Exercise description ->
The exercise calls for exact output of the lines between the one that contains "Used 2021 Volkswagen" and the end of the data, with both ends kept and pictures left out.

Available data ->
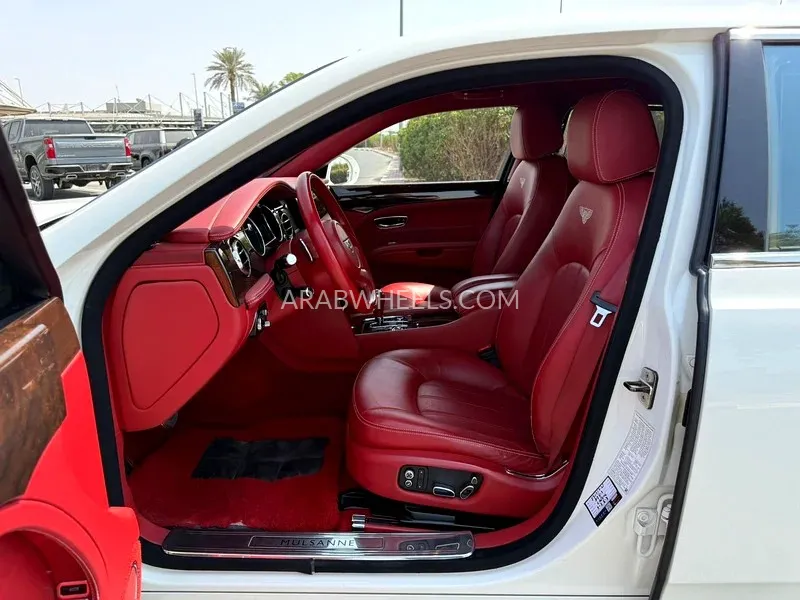 Bentley Mulsanne 2013 for Sale in Dubai Image-3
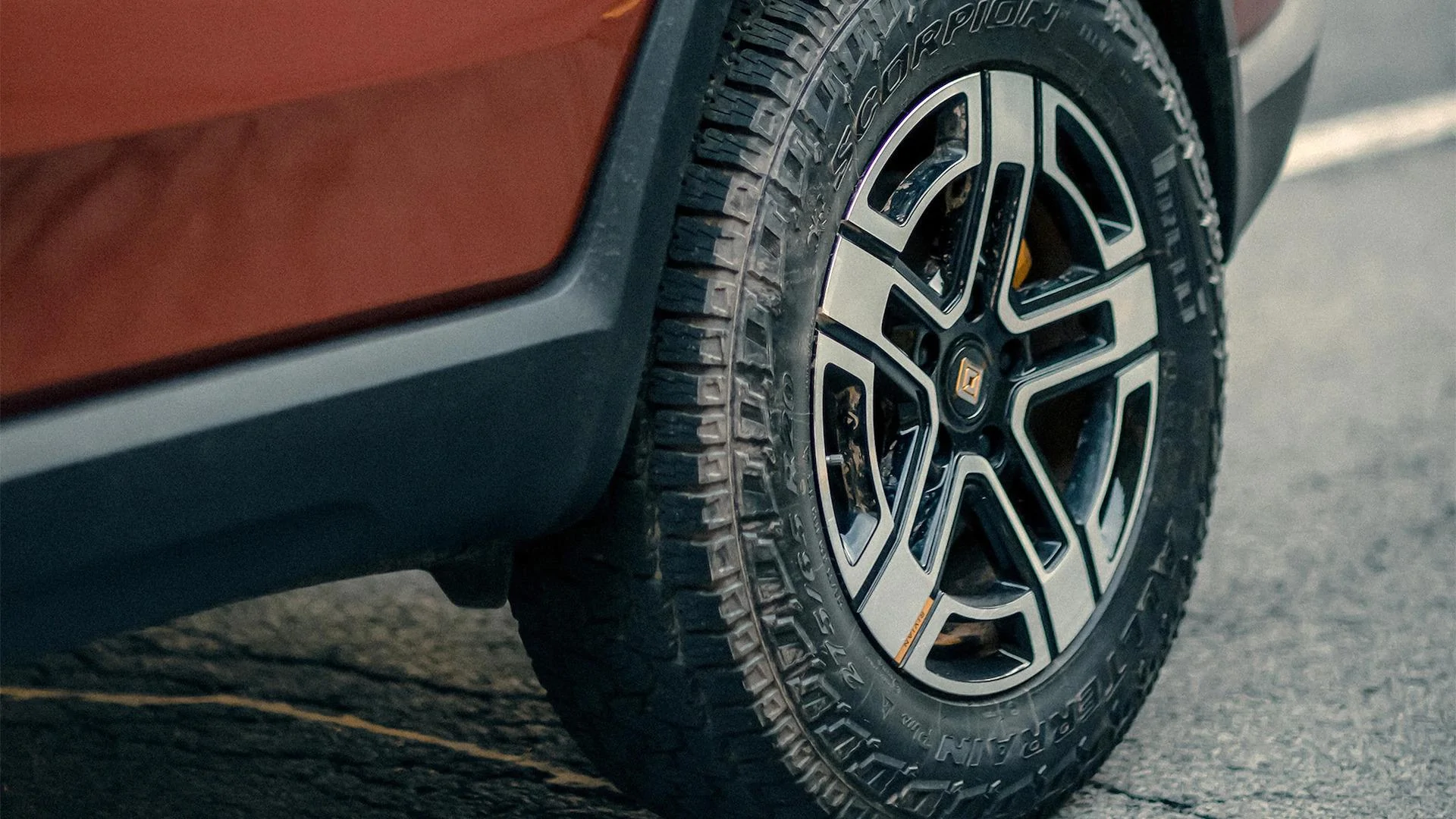 Rivian R1T R1S R1S Media Pics (Motor Trend) mt1 (21)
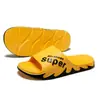 Venta especial de liquidación en pantuflas para hombre, disponibles en varios tamaños y estilos, incluyendo chanclas y sandalias de dedo, adecuadas para puestos y mercados nocturnos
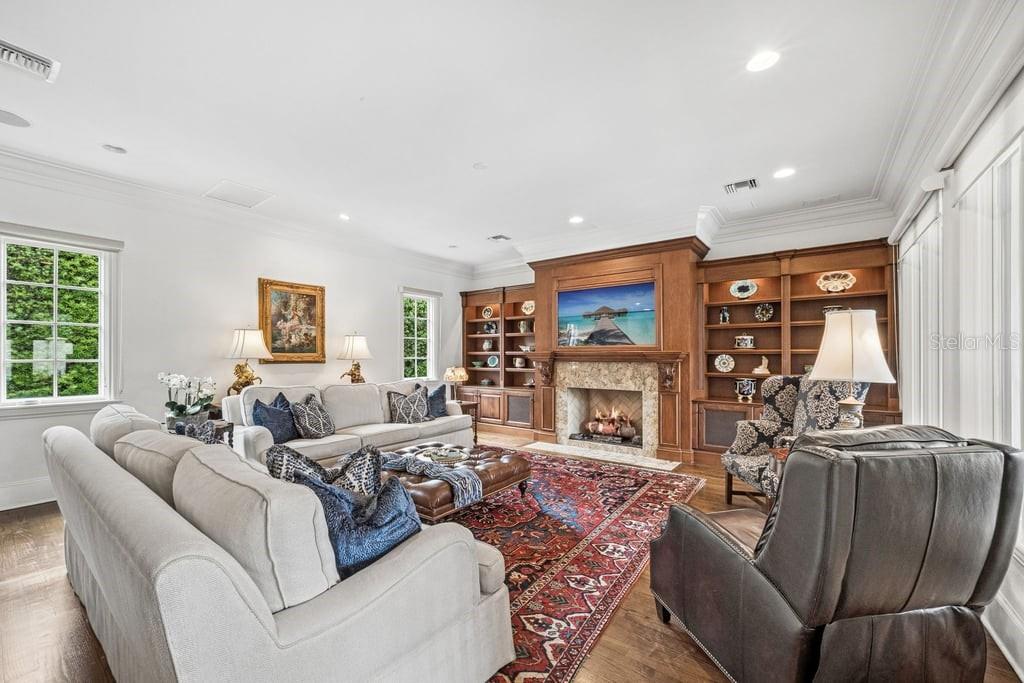 O6411706 Property Photo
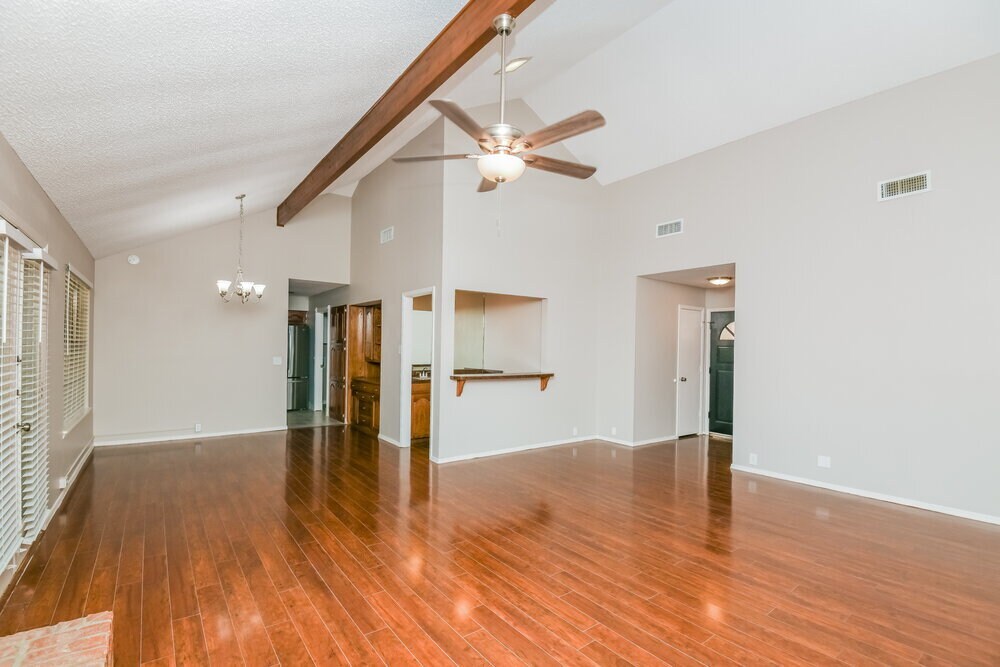 Building Photo - 1307 Brookfield Ln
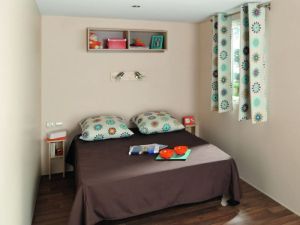 Chambre lit double mobilhome 3 soleils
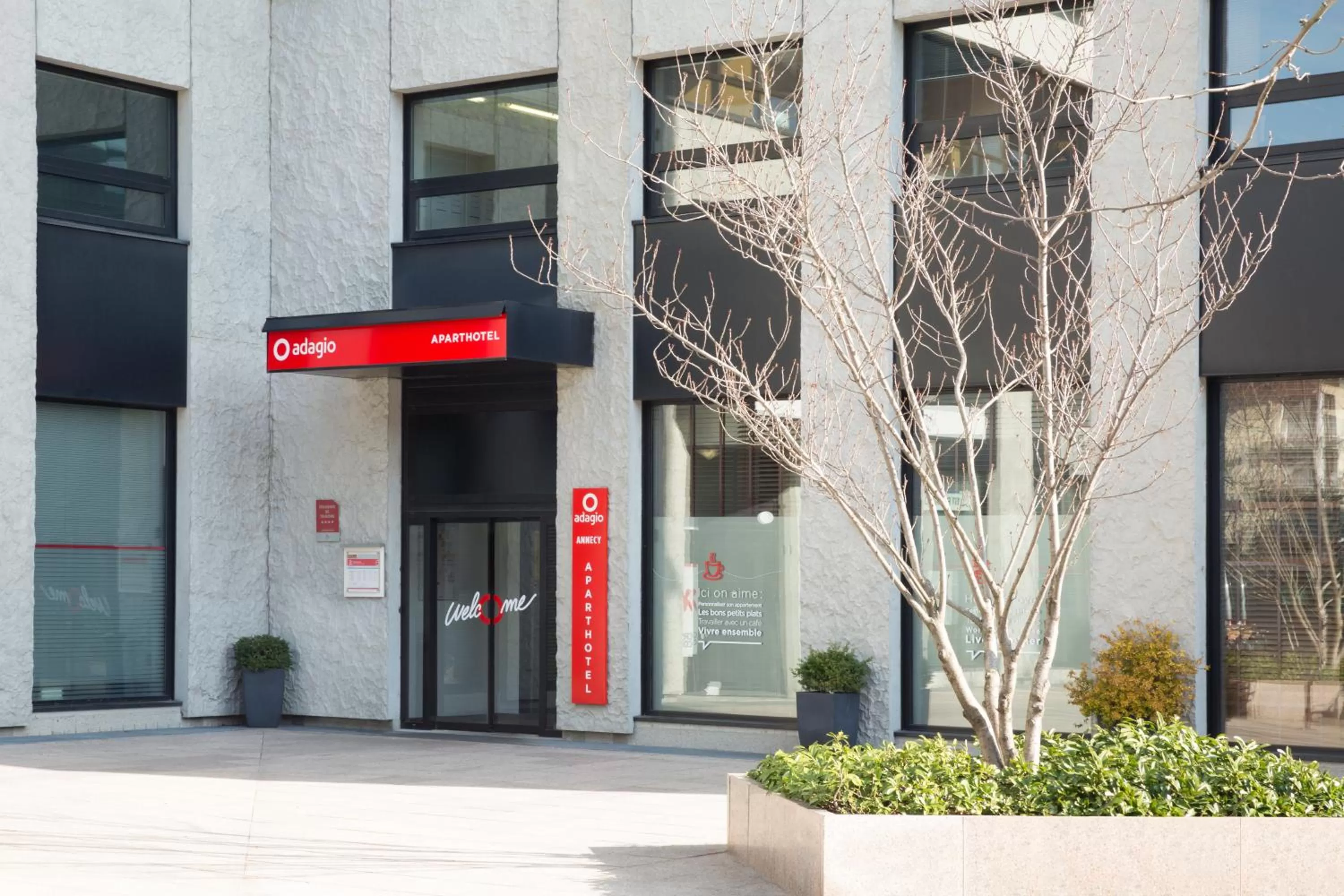 Facade/entrance in Aparthotel Adagio Annecy Centre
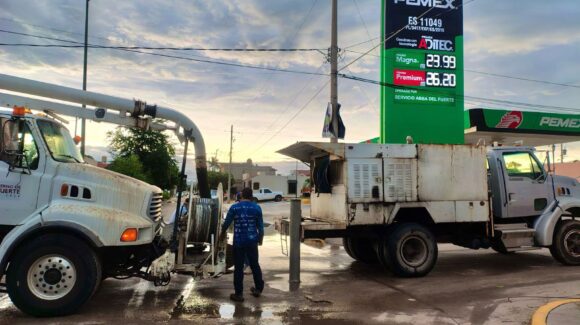 JAPAF atiende red de drenaje en El Fuerte, Sinaloa, y mejora servicio tras labores nocturnas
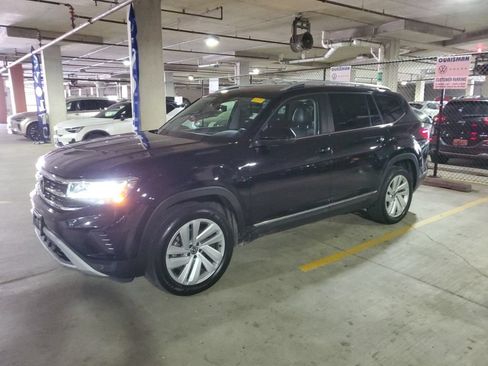 Used 2021 Volkswagen Atlas SEL AWD/4WD image 2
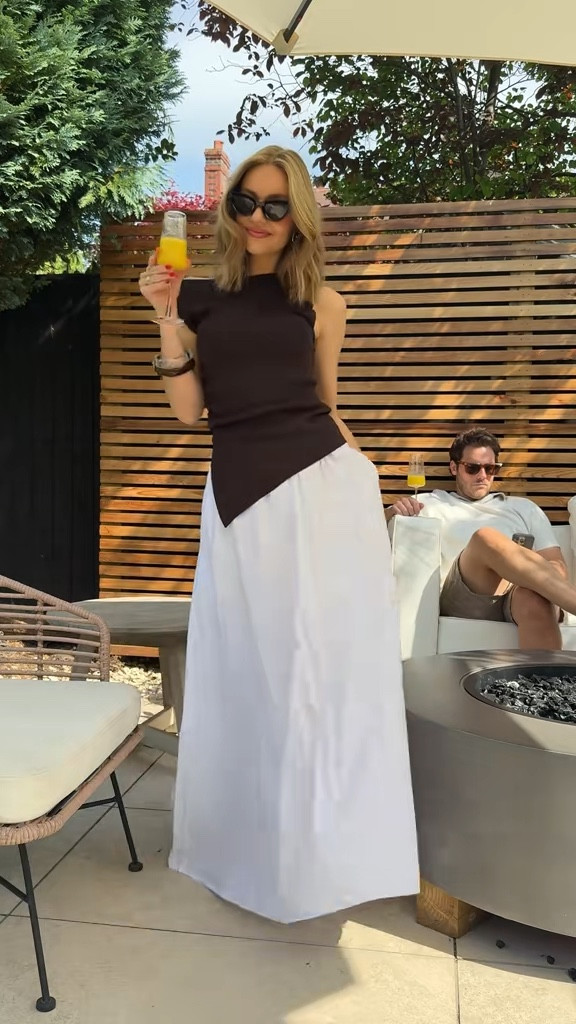 Birthday outfit, dissh, white skirt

Completed exercise ->
 Used 2021 Volkswagen Atlas SEL AWD/4WD image 2
 Birthday outfit, dissh, white skirt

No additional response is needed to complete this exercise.